“If you really loved me, you’d….”
Have you ever heard those words from your partner?
When we love someone, sometimes we want them to meet all of our needs. But expecting a partner to do EVERYTHING you want, just the way you want it, is not a reasonable expectation. Both people need to have free will in order for the relationship to be healthy. Using the phrase, “If you really loved me” is not loving, it is manipulative.
When you want your partner to do something, it makes sense to ask clearly. However, you have to be ready to hear a “no”. And if you do hear a no, it’s a good idea to be ready to accept that or to negotiate a compromise in a fair and loving manner.
A related concept to “If you really loved me” is the ultimatum. It’s tempting to use ultimatums, because they can make you feel powerful, but in general, I suggest that people resist the temptation. You don’t get respect this way in the long run, and you may well damage the intimacy in your relationship. Instead of giving an ultimatum, I suggest you work on increasing the person’s motivation to change.

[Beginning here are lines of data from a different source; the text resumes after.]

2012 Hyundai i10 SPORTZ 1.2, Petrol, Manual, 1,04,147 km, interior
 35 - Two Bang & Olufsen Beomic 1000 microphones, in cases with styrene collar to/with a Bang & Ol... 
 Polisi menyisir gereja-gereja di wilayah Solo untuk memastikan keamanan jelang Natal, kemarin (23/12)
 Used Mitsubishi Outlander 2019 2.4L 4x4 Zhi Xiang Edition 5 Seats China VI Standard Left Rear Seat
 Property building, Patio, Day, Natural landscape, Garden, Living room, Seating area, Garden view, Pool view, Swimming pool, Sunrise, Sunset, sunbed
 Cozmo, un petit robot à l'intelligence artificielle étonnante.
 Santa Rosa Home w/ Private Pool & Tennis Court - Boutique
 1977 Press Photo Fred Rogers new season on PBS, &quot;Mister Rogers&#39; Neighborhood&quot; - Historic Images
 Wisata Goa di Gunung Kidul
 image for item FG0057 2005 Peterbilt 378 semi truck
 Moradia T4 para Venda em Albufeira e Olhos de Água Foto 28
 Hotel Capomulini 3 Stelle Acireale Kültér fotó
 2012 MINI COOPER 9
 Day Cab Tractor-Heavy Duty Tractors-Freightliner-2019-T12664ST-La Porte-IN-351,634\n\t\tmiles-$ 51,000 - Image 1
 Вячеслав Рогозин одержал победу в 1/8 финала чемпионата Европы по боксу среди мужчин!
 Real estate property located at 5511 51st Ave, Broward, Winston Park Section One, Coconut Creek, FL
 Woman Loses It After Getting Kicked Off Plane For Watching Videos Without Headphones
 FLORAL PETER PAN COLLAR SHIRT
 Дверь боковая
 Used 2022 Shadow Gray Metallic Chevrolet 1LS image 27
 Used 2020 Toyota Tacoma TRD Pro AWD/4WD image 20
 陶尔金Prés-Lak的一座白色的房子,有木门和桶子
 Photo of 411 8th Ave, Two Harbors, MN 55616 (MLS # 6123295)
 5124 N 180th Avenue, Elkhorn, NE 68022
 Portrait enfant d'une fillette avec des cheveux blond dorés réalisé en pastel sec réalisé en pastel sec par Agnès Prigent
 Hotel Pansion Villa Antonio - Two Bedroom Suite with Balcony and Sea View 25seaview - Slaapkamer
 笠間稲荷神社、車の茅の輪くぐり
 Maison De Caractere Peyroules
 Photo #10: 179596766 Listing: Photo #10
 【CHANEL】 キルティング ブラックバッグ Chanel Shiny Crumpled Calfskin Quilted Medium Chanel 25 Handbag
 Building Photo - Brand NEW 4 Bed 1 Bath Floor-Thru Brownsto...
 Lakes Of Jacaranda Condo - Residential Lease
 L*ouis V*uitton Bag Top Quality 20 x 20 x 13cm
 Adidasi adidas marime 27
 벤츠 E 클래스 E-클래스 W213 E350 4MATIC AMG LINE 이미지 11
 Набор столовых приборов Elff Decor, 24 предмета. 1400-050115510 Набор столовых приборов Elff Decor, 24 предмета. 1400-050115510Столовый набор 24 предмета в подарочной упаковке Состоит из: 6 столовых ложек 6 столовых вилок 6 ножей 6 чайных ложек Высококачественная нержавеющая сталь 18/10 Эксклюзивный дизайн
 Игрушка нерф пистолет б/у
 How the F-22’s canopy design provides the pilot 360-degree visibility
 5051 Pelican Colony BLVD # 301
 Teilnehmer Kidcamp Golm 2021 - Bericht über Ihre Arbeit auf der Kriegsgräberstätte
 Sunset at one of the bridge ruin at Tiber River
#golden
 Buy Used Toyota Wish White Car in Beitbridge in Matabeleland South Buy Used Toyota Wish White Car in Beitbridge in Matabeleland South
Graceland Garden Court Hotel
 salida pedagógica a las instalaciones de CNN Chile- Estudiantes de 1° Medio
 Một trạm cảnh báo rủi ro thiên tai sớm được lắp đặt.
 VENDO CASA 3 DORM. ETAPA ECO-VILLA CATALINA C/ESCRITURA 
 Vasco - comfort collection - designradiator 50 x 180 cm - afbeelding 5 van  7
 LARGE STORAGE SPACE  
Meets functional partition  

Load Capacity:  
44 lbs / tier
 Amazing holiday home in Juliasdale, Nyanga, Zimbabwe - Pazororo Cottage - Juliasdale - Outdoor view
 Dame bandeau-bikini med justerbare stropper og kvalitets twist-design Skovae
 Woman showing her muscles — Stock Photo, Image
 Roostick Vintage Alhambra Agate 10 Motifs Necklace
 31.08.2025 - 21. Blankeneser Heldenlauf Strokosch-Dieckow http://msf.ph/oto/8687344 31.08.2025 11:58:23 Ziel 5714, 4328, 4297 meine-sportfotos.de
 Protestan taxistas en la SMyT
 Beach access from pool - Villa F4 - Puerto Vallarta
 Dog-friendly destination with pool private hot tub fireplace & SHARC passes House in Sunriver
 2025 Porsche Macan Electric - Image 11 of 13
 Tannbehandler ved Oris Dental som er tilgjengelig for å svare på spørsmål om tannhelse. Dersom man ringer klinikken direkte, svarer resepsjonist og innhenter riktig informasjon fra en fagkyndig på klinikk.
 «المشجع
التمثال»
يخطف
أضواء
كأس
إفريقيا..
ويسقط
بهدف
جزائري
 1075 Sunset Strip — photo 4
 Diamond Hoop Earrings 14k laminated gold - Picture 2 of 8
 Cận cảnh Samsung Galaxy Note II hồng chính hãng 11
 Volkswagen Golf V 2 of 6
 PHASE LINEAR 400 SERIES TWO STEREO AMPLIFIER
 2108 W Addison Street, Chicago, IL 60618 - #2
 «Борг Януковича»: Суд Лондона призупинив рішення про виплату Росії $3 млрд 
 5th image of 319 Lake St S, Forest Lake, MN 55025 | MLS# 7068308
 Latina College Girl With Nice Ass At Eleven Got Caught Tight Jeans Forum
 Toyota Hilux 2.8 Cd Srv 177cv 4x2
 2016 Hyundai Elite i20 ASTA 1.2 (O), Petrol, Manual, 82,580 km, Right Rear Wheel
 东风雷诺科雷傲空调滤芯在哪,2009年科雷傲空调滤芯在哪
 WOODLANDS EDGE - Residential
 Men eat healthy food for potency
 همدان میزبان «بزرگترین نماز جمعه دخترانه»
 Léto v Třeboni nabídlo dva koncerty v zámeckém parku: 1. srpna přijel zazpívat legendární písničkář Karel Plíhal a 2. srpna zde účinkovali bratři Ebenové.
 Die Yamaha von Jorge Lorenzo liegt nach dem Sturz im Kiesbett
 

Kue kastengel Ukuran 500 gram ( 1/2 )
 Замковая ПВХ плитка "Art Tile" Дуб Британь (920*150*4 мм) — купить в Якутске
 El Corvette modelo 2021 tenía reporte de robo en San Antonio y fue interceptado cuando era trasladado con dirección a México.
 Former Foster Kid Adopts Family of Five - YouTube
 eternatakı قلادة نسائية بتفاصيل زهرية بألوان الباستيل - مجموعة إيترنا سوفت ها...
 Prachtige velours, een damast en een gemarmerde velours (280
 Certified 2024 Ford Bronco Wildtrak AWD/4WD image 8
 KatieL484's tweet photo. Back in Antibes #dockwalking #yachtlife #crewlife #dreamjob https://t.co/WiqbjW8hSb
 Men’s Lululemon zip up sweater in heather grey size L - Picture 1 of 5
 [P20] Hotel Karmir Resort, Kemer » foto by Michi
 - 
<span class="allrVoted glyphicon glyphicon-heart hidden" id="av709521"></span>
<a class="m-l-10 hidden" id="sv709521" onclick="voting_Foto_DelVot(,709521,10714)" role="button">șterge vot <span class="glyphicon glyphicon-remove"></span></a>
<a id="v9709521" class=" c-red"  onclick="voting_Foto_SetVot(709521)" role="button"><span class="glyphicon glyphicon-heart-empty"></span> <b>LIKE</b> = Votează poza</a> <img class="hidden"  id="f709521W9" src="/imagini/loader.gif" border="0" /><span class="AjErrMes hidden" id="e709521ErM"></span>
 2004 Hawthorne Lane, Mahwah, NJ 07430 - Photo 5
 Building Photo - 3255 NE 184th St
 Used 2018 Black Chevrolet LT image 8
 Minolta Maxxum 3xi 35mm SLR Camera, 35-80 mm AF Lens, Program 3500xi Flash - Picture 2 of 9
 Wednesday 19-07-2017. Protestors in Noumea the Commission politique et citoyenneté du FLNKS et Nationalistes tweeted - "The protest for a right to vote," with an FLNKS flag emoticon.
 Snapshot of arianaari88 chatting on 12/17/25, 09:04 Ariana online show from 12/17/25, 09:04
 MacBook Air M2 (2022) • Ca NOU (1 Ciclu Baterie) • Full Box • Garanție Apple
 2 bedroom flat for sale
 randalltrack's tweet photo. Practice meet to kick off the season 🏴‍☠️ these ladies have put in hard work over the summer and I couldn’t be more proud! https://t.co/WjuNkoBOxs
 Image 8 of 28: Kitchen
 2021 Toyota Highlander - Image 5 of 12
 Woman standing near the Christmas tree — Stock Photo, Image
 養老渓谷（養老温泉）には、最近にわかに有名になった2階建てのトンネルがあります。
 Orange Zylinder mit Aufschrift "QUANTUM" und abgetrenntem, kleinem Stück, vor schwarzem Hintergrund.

People are motivated to change when they see hope for the relationship. They don’t want to lose what they have, so they are willing to put more effort into keeping it. As the old expression says, “You get more flies with honey than with vinegar.”
There are many techniques you can use that will help you negotiate effectively with your partner, and I can teach you some of them. Here is a key thing to remember: when you find ways to show your partner you value them and care for their concerns and opinions, they are more likely to consider YOUR feelings, and to be willing to create win-win situation.